The key to maximizing your business’s value from connected technology is contextualizing the information you have gathered. In other words, just collecting and seeing the data isn’t enough—it has to be contextualized and then formed into an actionable plan. From a business perspective, you have to be able to take action on the information you have gathered, and that’s where the MOM side of the equation becomes powerful.
For example, consider a MOM solution capable of communicating with various devices using different communication protocols. Ideally, it will also contain the logic to say when “x” happens, you want to take “y” action—a “What-if” scenario. This type of solution gives business owners actionable advice they can act upon to improve their entire operation and overall efficiency.
Let’s say something as simple as SPC (Statistical Process Control). One of the rules of SPC is if you see a result trending in the same direction for four different measures in a row, it indicates a problem will occur. Even if it’s still within acceptable limits, the fact that it’s going in the same direction four times in a row indicates there will be an issue.
At that point, it’s crucial to monitor the SPC information and alert your team to potentially stop whatever process it collects, as changes will be required. With any IIOT information, whether it’s the temperature on a furnace or the number of cycles on a machine, it is essential to identify any issues and be able to take action and automate solutions where possible. Anytime human intervention is required, you’ll slow down the automation process.

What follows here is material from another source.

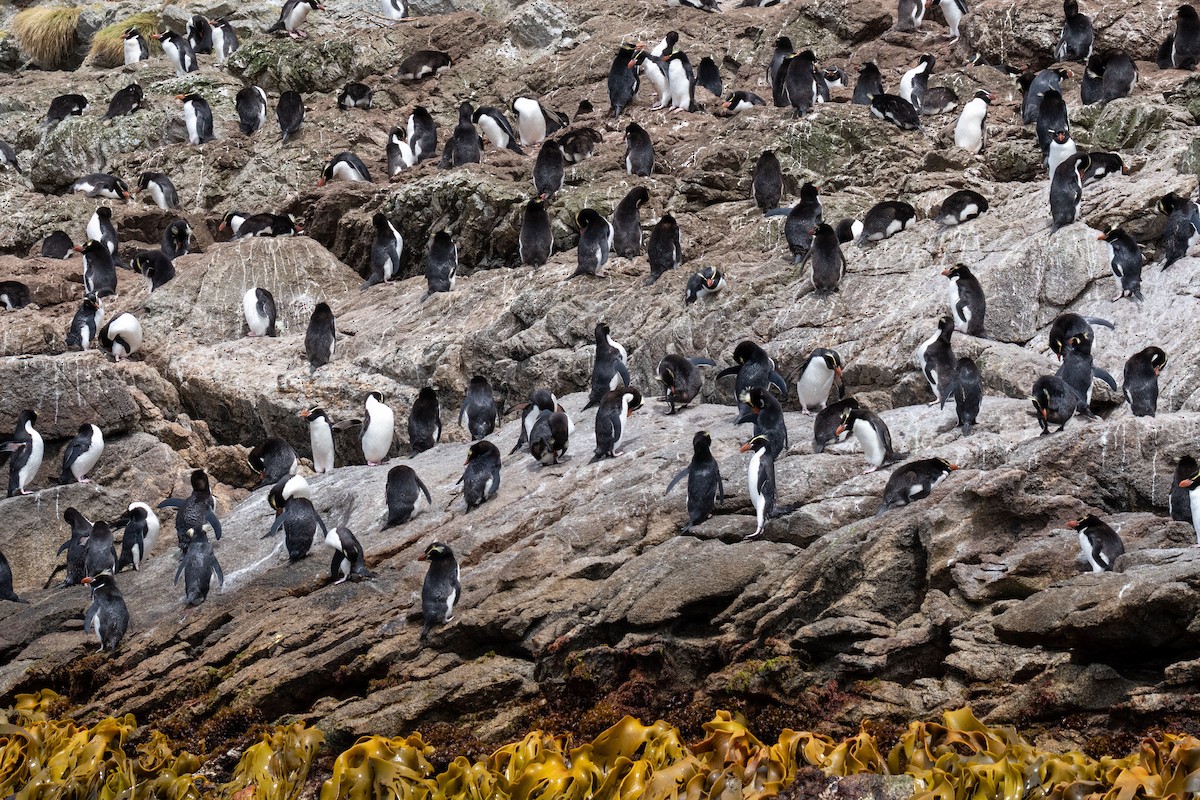 Snares Penguin - ML636600680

While there will invariably be a point where a human will need to intervene, you want to do as much automatically as possible, as this enables your business to work in the leanest way possible.
Can IIOT & Connected Technology Be Used Across Various Industries?
IIOT and connected technology are not limited to the manufacturing industry, as they can generally be used in any industry that utilizes machines on a larger scale. Suppose you’re talking about a highly automated industry that uses machines, equipment, and robotics devices. In that case, IIOT and connected technology will be more valuable there than in a manual assembly line.
There aren’t many fully manual applications anymore, as almost every type of manufacturing has some level of automation. Moreover, any level of automation can become valuable when connected to the technology that can help to inform your business decisions moving forward.
What About Return on Investment for IIOT & Connected Technology?
It’s no secret that business owners are always keen on ensuring they can attribute an ROI to anything they invest in, and that’s no different with IIOT & connected technology in MOM. For example, everybody used to talk about predictive maintenance using IIOT to collect data about equipment and use it to predict when there would be a failure before it happened and, if so, how to avoid it. You would increase critical activity and efficiency measures and decrease downtime. Those have value, but that’s not the only applicable area anymore.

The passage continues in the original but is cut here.